Natural justice and tax proceedings

20 Jan, 2012

It is a well-established principle that statutory authorities, while exercising statutory powers vested in them, have to observe the principles of natural justice. This is more than necessary especially where their actions are going to have adverse effects for the affected parties.
One of the requirements of natural justice is that if a decision, already taken and communicated to an interested party needs to be changed subsequently, such a change should not be effected without the affected party being given an opportunity of being heard.
In tax proceedings, which are quasi-judicial in nature, the authorities are increasingly becoming indifferent to the established principles of natural justice. Perhaps, in the frenzy of collecting revenues to achieve their pre-fixed (ambitious) targets, they completely ignore the fact that even a very good order, otherwise justifying the quantum of tax can be held as void by courts if proper opportunity of being heard is not extended to the taxpayer. This legal position has been highlighted in various judgements eg Munir Mushtaq v. Collector of Customs (Exports), Customs House, Karachi and another PLD 1999 SC1111, Muhammad Khan v. Shamsuddin and others (1975) 31 TAX 94 (S.C. Pak.), CIT, East Pakistan v. Fazlur Rehman and CIT, East Pakistan v. Sayeedur PLD 1964 SC 410Siemens Pakistan Engineering Ltd v.

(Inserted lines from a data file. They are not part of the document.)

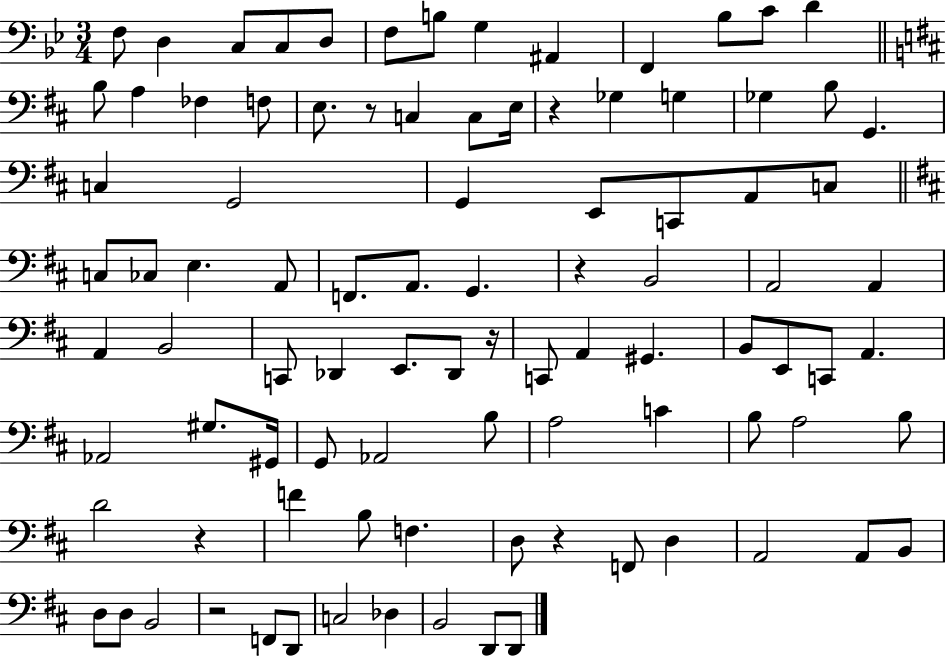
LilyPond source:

{
  \clef bass
  \numericTimeSignature
  \time 3/4
  \key bes \major
  \repeat volta 2 { f8 d4 c8 c8 d8 | f8 b8 g4 ais,4 | f,4 bes8 c'8 d'4 | \bar "||" \break \key d \major b8 a4 fes4 f8 | e8. r8 c4 c8 e16 | r4 ges4 g4 | ges4 b8 g,4. | \break c4 g,2 | g,4 e,8 c,8 a,8 c8 | \bar "||" \break \key d \major c8 ces8 e4. a,8 | f,8. a,8. g,4. | r4 b,2 | a,2 a,4 | \break a,4 b,2 | c,8 des,4 e,8. des,8 r16 | c,8 a,4 gis,4. | b,8 e,8 c,8 a,4. | \break aes,2 gis8. gis,16 | g,8 aes,2 b8 | a2 c'4 | b8 a2 b8 | \break d'2 r4 | f'4 b8 f4. | d8 r4 f,8 d4 | a,2 a,8 b,8 | \break d8 d8 b,2 | r2 f,8 d,8 | c2 des4 | b,2 d,8 d,8 | \break } \bar "|."
}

Federation of Pakistan & Others 1999 PTD 1358 [High Court Sindh] and 2004 PTD 2051.
Tax authorities under respective statutes are vested with wide powers, exercise of which can lead to substantial financial repercussions for the citizens. These powers are abused every day by passing orders, which are arbitrary, illegal and determining tax demands in a highly undesirable manner. The world 'discretion' in itself implies vigilant circumspection and care. It was, therefore, laid down in Ibrahim v. Emperor AIR 1933 Sind 49 that wherever the legislature concedes wide discretion, it also imposes a heavy responsibility. The use of discretion cannot be arbitrary. It cannot be vague and fanciful but has to be legal and regular - Gordan Das Baldev Das v. Governor General in Council AIR 1952 Punjab 103 at 10. It is natural to assume that when a statute confers a discretionary power, the authority will use it properly and not arbitrarily or capriciously.
The Supreme Court in CIT Pakistan v. Fazlur Rehman & Sayeedur Rehman (1964) 10 Tax 49 (S.C. Pak) = 1964 SCC 176 held that the maxim "no man should be condemned unheard" is not confined to courts but extends to all proceedings, by whomsoever held, which may affect the person or property or other rights of the parties concerned in the dispute, and the maxim will apply with no less force to proceedings which affect liability to pay a tax.

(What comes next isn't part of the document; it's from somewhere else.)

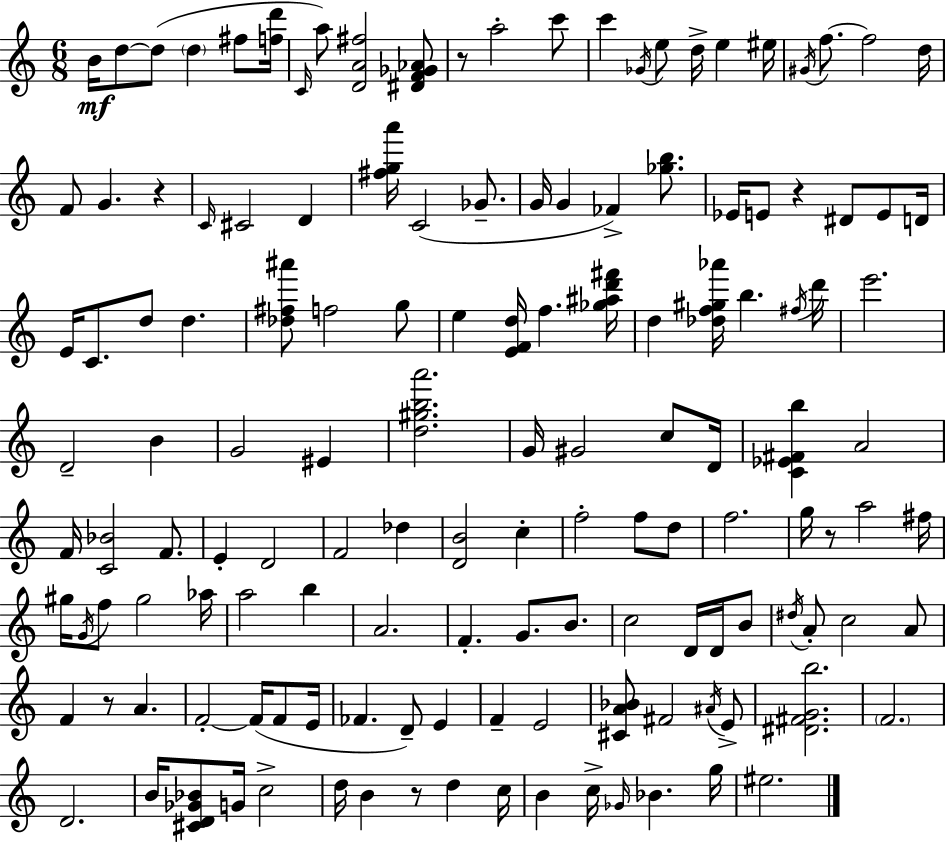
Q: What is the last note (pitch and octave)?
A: EIS5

The Sindh High Court in Siemens Pakistan Engineering Co Ltd v. Federation of Pakistan & Others (1999 PTD 1358), made the following remarks:
"Audi alteram partem ie no-one shall be condemned unheard is a universally established principle of law. This rule is applicable to both judicial and non-judicial proceedings (1994 SCMR 2232). The legislature being cognisant of this principle of natural justice has incorporated the same in the Sales Tax Act, 1990 in the various provisions of the Sales Tax Act relating to adjudication of cases".
The relevant sections of the Sales Tax Act, 1990 referred to in the above judgement at the material time read as under:
"44. Issue of show cause notice before confiscation of goods or imposition of penalty.- No order under this Act shall be passed for the confiscation of any goods or for imposition of any penalty unless the owner of the goods, if any, or the concerned person:
(a) is served a notice in writing (unless the owner or the person concerned accepts the notice orally) of the grounds on which it is proposed to confiscate the goods or to impose the penalty;
(b) is given an opportunity of making a representation against such confiscation or imposition of penalty in writing (unless the owner or person concerned indicates in writing his preference to present an oral representation) within such reasonable time as the officer of Sales Tax may specify; and;
(c) is given a reasonable opportunity of being heard in person or through a counsel or duly authorised agent."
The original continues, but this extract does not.